THE PROBLEM: Each line of the material must be reproduced exactly; pictures stay out.

RECORDED DATA:
━━━━━━━━━━━━━━━━

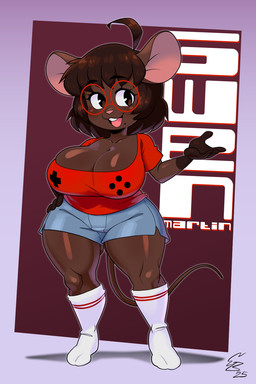ahoge anthro big_breasts blue_bottomwear blue_clothing blue_shorts bottomwear breasts brown_eyes brown_hair buckteeth cleavage clothed clothed_anthro clothed_female clothing eyewear female female_anthro footwear geometric_background glasses gloves_(marking) hair hand_on_hip markings mole_(marking) open_mouth open_smile pink_inner_ear pink_nose red_clothing red_eyewear red_glasses red_shirt red_topwear shirt short_hair short_stack shorts simple_background smile socks solo tail teeth text thick_thighs tongue topwear wearing_glasses white_clothing white_footwear white_socks cybertoxin gwen_geek gwen_martin mammal mouse murid murine rodent 2025 2:3 character_name hi_res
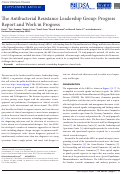 Cover page: The Antibacterial Resistance Leadership Group: Progress Report and Work in Progress.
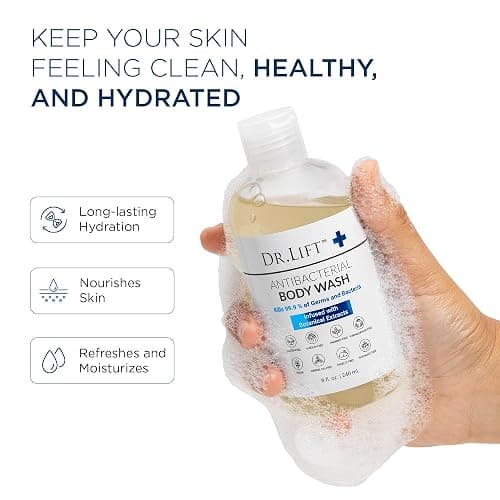 DR. LIFT Antibacterial Body Wash, Refreshing Scent, Hydrating Shower or Bath Cleanser With Citric Acid, Spirulina, and Lemon, Clean Moisturizing Formula, Vegan, Paraben and Phthalate Free, 8 Fl Oz thumbnail 2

━━━━━━━━━━━━━━━━

OUTPUT:
ahoge anthro big_breasts blue_bottomwear blue_clothing blue_shorts bottomwear breasts brown_eyes brown_hair buckteeth cleavage clothed clothed_anthro clothed_female clothing eyewear female female_anthro footwear geometric_background glasses gloves_(marking) hair hand_on_hip markings mole_(marking) open_mouth open_smile pink_inner_ear pink_nose red_clothing red_eyewear red_glasses red_shirt red_topwear shirt short_hair short_stack shorts simple_background smile socks solo tail teeth text thick_thighs tongue topwear wearing_glasses white_clothing white_footwear white_socks cybertoxin gwen_geek gwen_martin mammal mouse murid murine rodent 2025 2:3 character_name hi_res
 Cover page: The Antibacterial Resistance Leadership Group: Progress Report and Work in Progress.
 DR. LIFT Antibacterial Body Wash, Refreshing Scent, Hydrating Shower or Bath Cleanser With Citric Acid, Spirulina, and Lemon, Clean Moisturizing Formula, Vegan, Paraben and Phthalate Free, 8 Fl Oz thumbnail 2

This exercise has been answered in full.